The duration of diabetes and mean HbA1C levels for all of the subjects overall were 15.1 years and 7.6%, respectively, and 66.7% of the patients had NAFLD. The subjects were divided into three subgroups according to severity of fatty liver disease: normal, grade 1, and grade 2 or 3 (Table 1). The patients with overt NAFLD (grade 2 or 3) had a significantly higher serum FABP1 level than those with grade 1 NAFLD and normal subjects (34.5 ng/mL [IQR 29.6 to 57.1] vs. 29.8 ng/mL [IQR 23.4 to 46.5] vs. 26.6 ng/mL [IQR 20.2 to 38.5], respectively, P = 0.001).

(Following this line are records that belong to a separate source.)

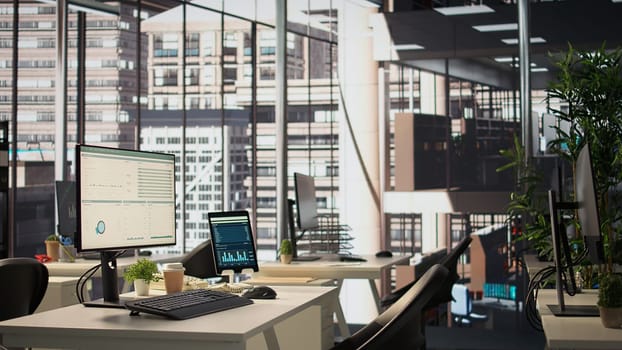 Empty modern workspace with advanced technology to enhance efficiency and productivity, helping business professionals focus on financial strategies. Global enterprise success objectives.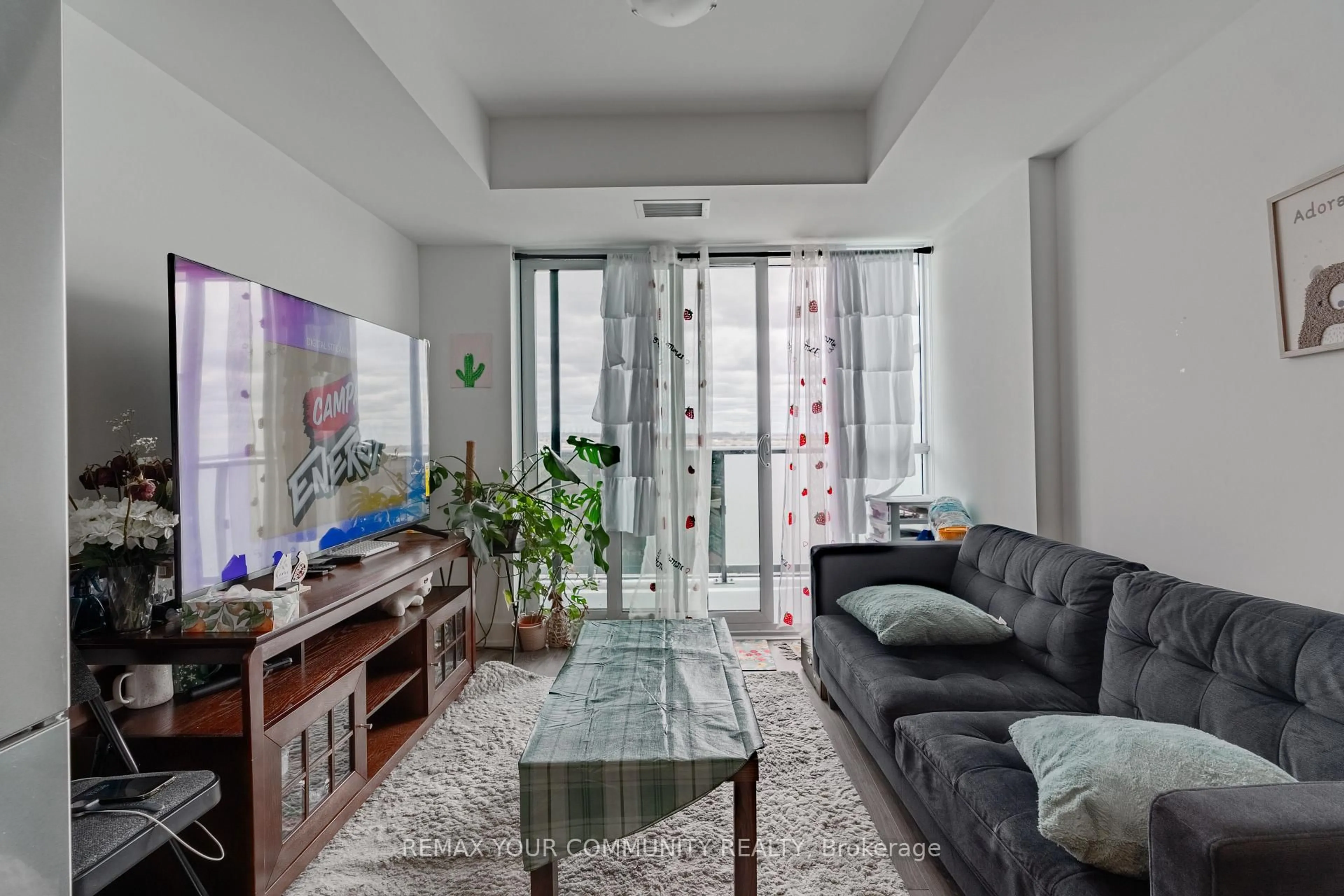 Living room with furniture, unknown for 2545 Simcoe St #2302, Oshawa Ontario L1L 0W3
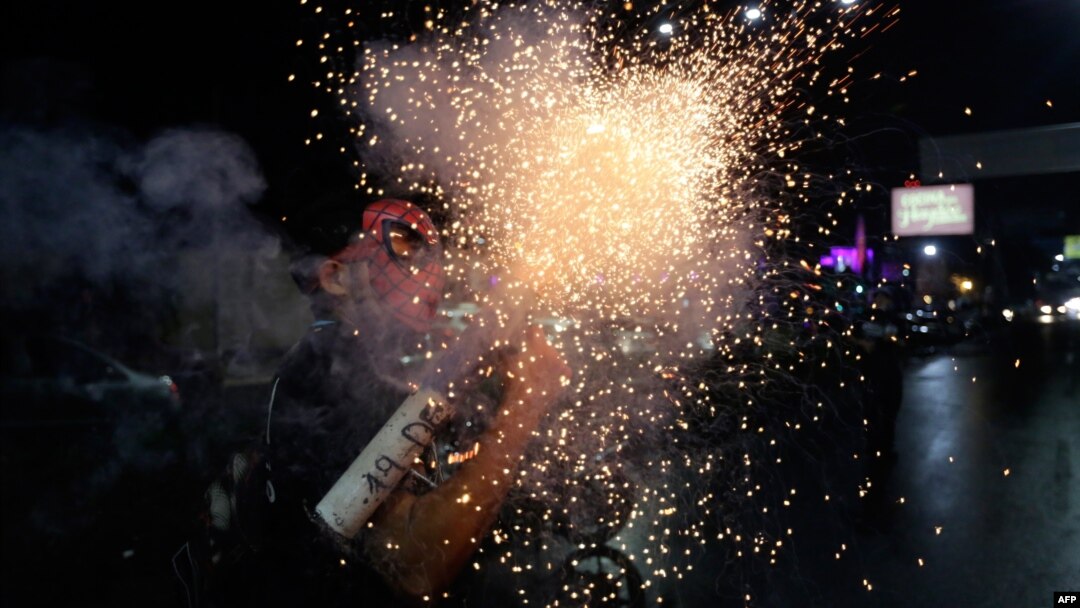 An anti-government demonstrator with a Spiderman mask fires a home-made mortar during a protest demanding Nicaraguan President Daniel Ortega and his wife, Vice President Rosario Murillo, stand down, in Managua on May 26, 2018.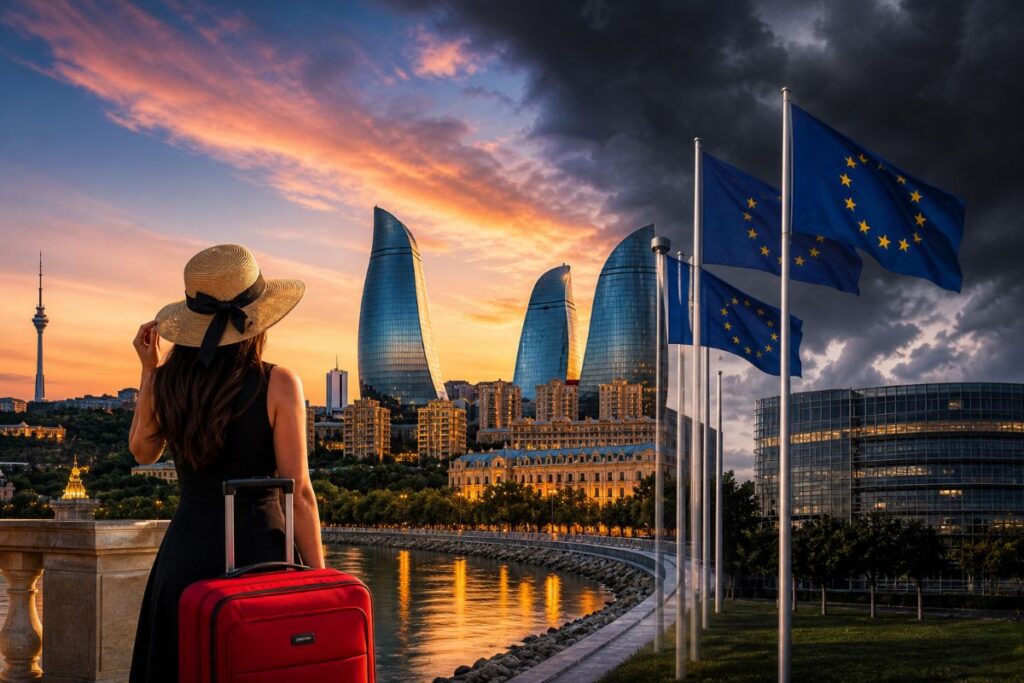 Woman in a black dress and straw hat stands with a red rolling suitcase on the waterfront at sunset, facing the Flame Towers and EU flagpoles.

In addition, the patients with overt NAFLD had higher rates of hypertension, hyperlipidemia, CKD, angiotensin converting enzyme inhibitor and angiotensin II receptor blocker treatment, and stages 3 and 4 of CKD classes, and higher diastolic blood pressure (DBP), BMI, waist circumference, TGs, creatinine, and FLI than the normal subjects and those with grade 1 NAFLD. Moreover, the patients with overt NAFLD had higher systolic blood pressure (SBP), waist-to-hip ratio, HbA1c, total cholesterol, LDL-cholesterol, aminotransferase (AST), ALT, GGT, WBC count, fasting insulin, and HOMA-IR than the normal subjects. The patients with overt NAFLD also had lower rate of stage 1 of CKD class and lower levels of HDL-cholesterol and eGFR than the normal subjects and those with grade 1 NAFLD. There were no significant differences in age, male gender, currently smoking, oral hypoglycemic agent (OHA) treatment alone, OHA/insulin treatment, stage 2 of CKD class, diabetes duration, fasting glucose, and HOMA-β among the three groups.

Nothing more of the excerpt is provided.